I am assisting in a STEM University for local youth - 4th & 5th graders. One segment will be on geology. The kids will be cycling through in groups of about 12. We will be doing some rock identification and will be borrowing some lab kits from a local college to do a Mohs hardness scale activity.
We are looking for a few more hands-on activities that the students can do in about 15 minutes or less. Crystal growing is an obvious choice, but it takes hours or days. The activity can be anything from plate tectonics, caves, volcanoes, geysers, fossil formation or whatever is related to some aspect of geology. We prefer something the kids can do themselves rather than having an adult stand up front doing a demo, but even that would help. What are your ideas?
Do something paleontological. Kids are fascinated with fossils, etc…
I remember in college, one of the most strange and fascinating things was to try and identify or at least determine some characteristics of various animals by their coprolites. (fossilized turds).
Maybe something similar might be cool. Or maybe something like a “guess where the rock formed” kind of thing, with rocks from a very fine grained siltstone (slow moving/still water), to some kind of conglomerate (faster moving water). And so on…
A great exercise would be to collect rocks and identify them using a variety of tests. Hardness, reaction to acid, color, density, etc. May not be as exciting as studying volcanoes but it teaches them the scientific method.
When I was twelve, they gave each of us a slab of Indiana limestone guaranteed to contain at least one fish fossil. Then they gave us dissecting probes and told us we had two weeks to uncover our fossils. Pretty cool.
Don’t know what kind of budget you have for this, but years back I bought some small baggies of gravel from the Lee Creek phosphate mine. They contained dozens of tiny shark, ray, and drum fish teeth (among other less identifiable fossils.) I originally bought mine directly from a personal web site, but there is something similar on Amazon, and if you dig around (so to speak) you could probably find more sources.
And here’s some direct from the Lee Creek/Aurora museum. (They don’t list the volume/weight of the bucket for some reason, maybe you could contact them and get an answer.)
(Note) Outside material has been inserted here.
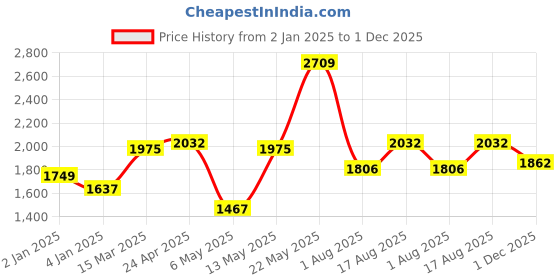 myntra.com Accessorize Women Pink Solid Structured Sling Bag accessorize Price History Graph from 2 Jan 2025 to 1 Dec 2025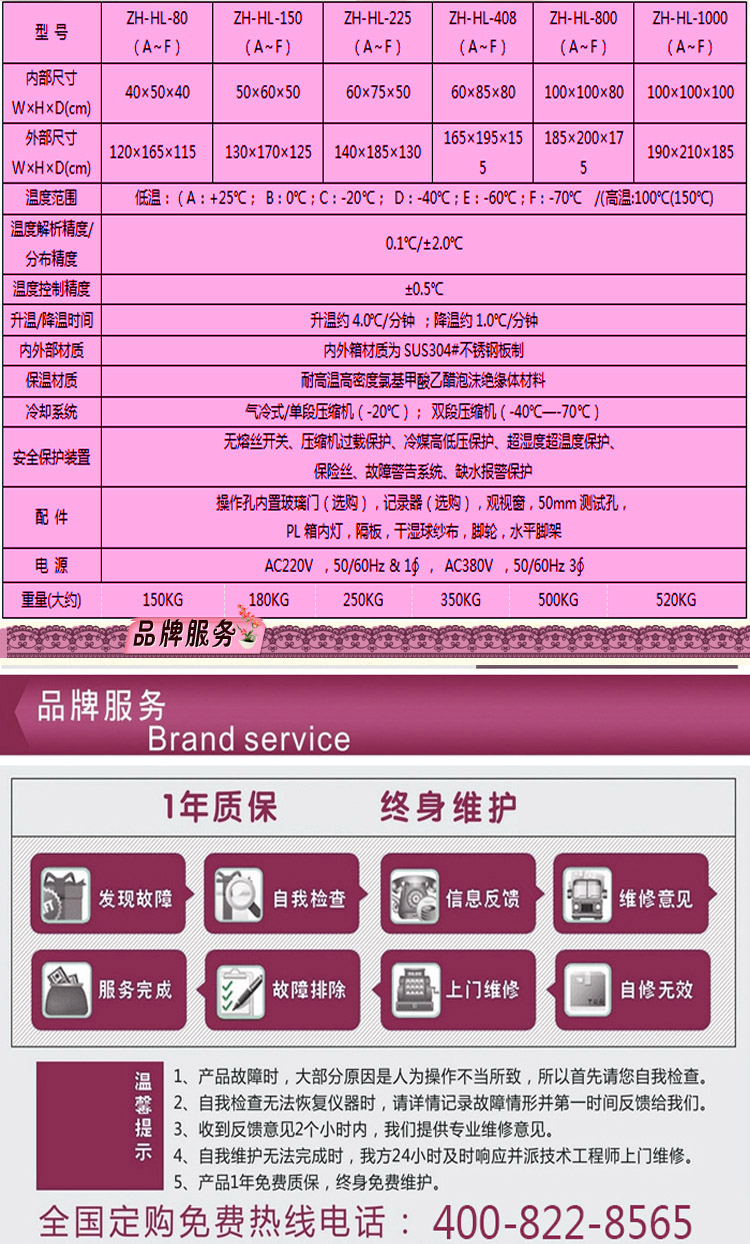 91字幕网网站免费看 可编程高低温交变湿热试验箱选型表介绍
Put a small ball of clay in a disposable bowl. Write the student’s name on the bowl. Have the students use a shell or something similar to make an impression in the clay, then fill the impression with plaster of Paris to make cast and mold fossils. Let the fossil sit to dry a bit while the student does some other activities. The plaster will pop pop out after it fully dries at home. This will be a nice little keepsake, too.
Have students stack two or three unwrapped Laffy Taffy candies on top of one another and press down hard - sedimentary rock. Then they can squeeze the sedimentary rocks in their hands until the heat and pressure turn them into metamorphic rocks.